We hear a helicopter pass overhead. For a moment, the students pause and their eyes go wide as it dawns on them that it must be the governor. A few minutes later, Capriles jogs through the school’s entrance and the students erupt with screams. The thirty-seven-year-old leader of Miranda is wearing a blue baseball cap, oxford shirt, and sweatpants. You can see the sweat on his face and shirt, as if he has run all the way from his office to the school’s front steps. In fact, you might mistake him for the school’s gym teacher rather than the governor of Venezuela’s most politically important state and, by many people’s reckoning, the man most likely to challenge Chávez for the presidency.

Slowly, Capriles makes his way through the crowd to the podium in front. He begins by pointing to homemade banners hoisted up by parents in the back of the room and reading them aloud. One sign reads, “Our Schools Are Falling Down”; another says, “Governor, Our Children Need New Schools, Too.” The children of these parents aren’t attending the newly renovated school in Pedro Gual. The parents have traveled from other parts of Miranda to bring their concerns directly to the governor. Capriles asks them to tell him about the condition of their schools.

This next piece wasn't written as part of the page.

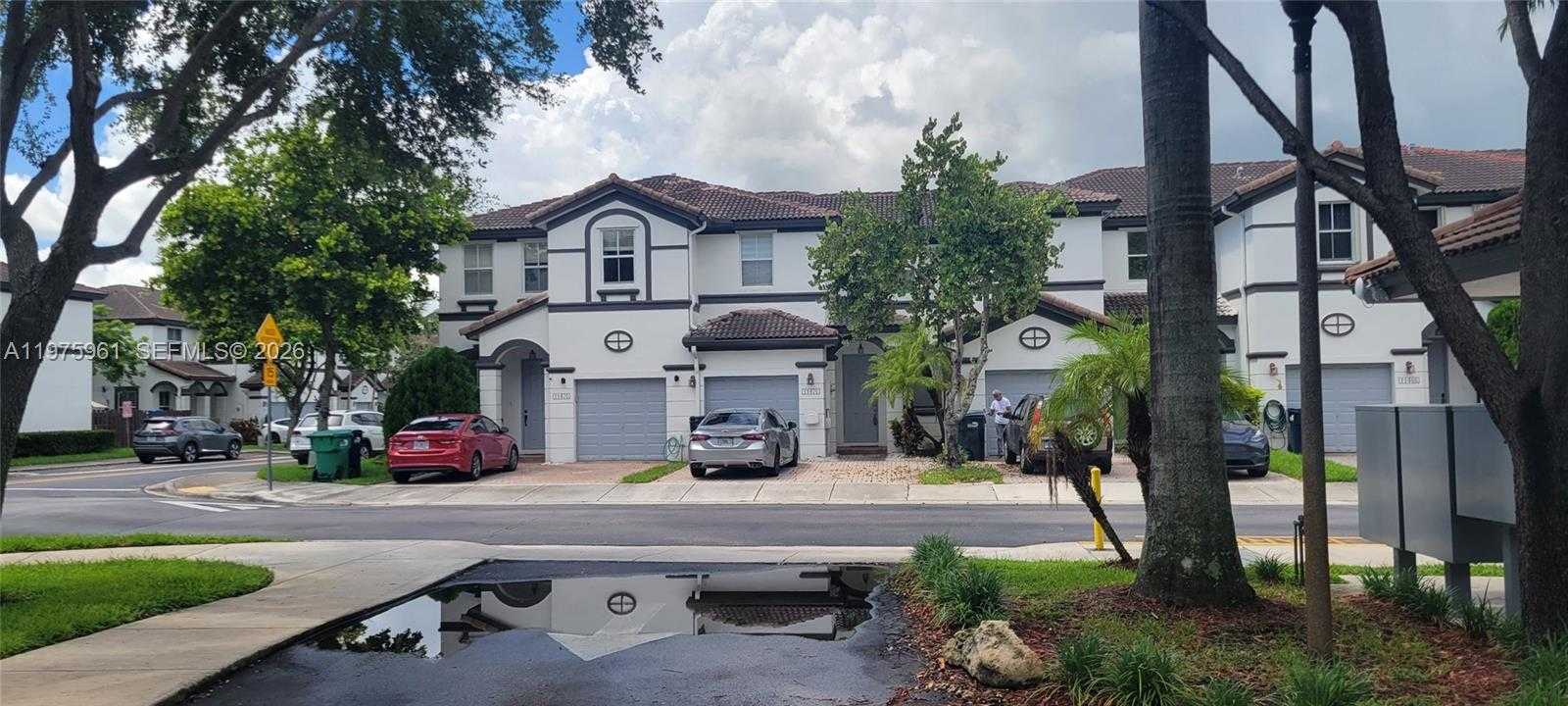 11476 NW 77th Ln Doral Florida United States, for Rent, residential, Roberto Villasmil, Interinvestments Realty, Inc.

His manner of speaking is as informal as his clothes. He says his goal is to help every single school in the state of Miranda. In the next twelve months, his team is aiming to repair 166 schools and build 14 new schools, followed by 40 more in the next four years. More than 150,000 new book bags have been handed out. He asks one of the schoolboys in the crowd to come up front and show him his book bag. Capriles reaches in and pulls out several books. “Arithmetic. Science … but no politics,” he says as he looks at each of the books, and
the crowd laughs. Capriles’s joke is also his message: he won’t practice President Chávez’s divisive brand of politics; his is an inclusive style that is unconcerned with whom you have supported in the past. “I don’t care what political party you are from,” he says. To make his point, he tells a story about a day laborer he met recently. Recounting their conversation, Capriles says, “The man told me, ‘I love Chávez, but I love you, too.’ I said, ‘That’s okay. Sometimes a man falls in love with two or three women or a woman falls in love with two or three men. It’s all right—it’s part of life.’ ” As if on cue, an older woman in the back can’t resist any longer. She pushes her way through the raucous crowd, comes up to the podium, and says she must kiss him. Beaming, Capriles is happy to oblige.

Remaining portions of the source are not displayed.